I found as a remark in a book that if $M$ is a projective module over a ring $R$, $\mathfrak a$ is the ideal generated by all $f(m)$ where $f\in \text{Hom}(M,R)$ and $m\in M$, and $\text{Ann}(M)$ is the annihilator of $M$ then $$\mathfrak a\oplus \text{Ann}(M)=R.$$
I managed to prove this fact when $M$ is finitely generated the following way:
If $\phi$ is the evaluation map from $M^*\otimes M$ to $R$ then its image is $a$. If $\psi$ is the map from $M\otimes M^*$ to $\text{Hom}(M,M)$ defined by $\psi(f\otimes m)(x)=f(x)m$, then by the dual basis theorem, $\psi$ is an isomorphism of $R$-modules, and the identity is in the image of $\psi$. If $l$ is the map from $M\otimes R$ to $M$ defined by $l(m\otimes r)=rm$ and $ev$ the evaluation map from $\text{Hom}(M,M)\otimes M$ to $M$, then $l\circ (1\otimes \phi)$ from $M\otimes M^*\otimes M$ to $M$ is identical to $ev\circ (\psi \otimes 1)$. Therefore we obtain $\mathfrak aM=M$.
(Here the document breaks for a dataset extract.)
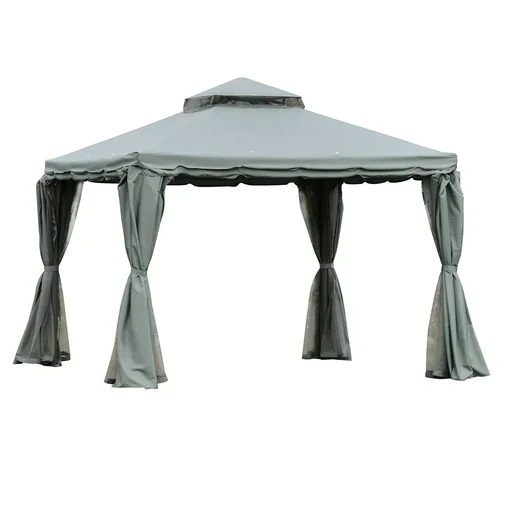 "Garden gazebo, gazebo, garden tent, marquee, party tent with 4 side walls, weatherproof, aluminum, polyester, gray, 3 x 3 x 2.7 image"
By Nakayama lemma, there exists $r\in \text{Ann}(M)$ with $r=1\ (\text{mod}\ \mathfrak a)$, and so $\mathfrak a+\text{Ann}(M)=R$. Let us write $1=r+\alpha$ with $\alpha \in \mathfrak a$. Then if $s\in \mathfrak a\cap \text{Ann}(M)$, we have $s=sr=0$ since $\text{Ann}(M)\subset \text{Ann}(\mathfrak a)$.
My proof relies heavily on $M$ being finitely generated. Therefore, I do have two questions:
- Is it a correct proof ?
- Does anybody have a counterexample if $M$ is not finitely generated ?
There is a counterexample in the non-f.g. case in Lam's Lectures on Modules and Rings (Remark 2.47). He takes the ring to be the countable direct product of copies of $\mathbb Z$ and $M$ the ideal which is the direct sum of all those $\mathbb Z$s.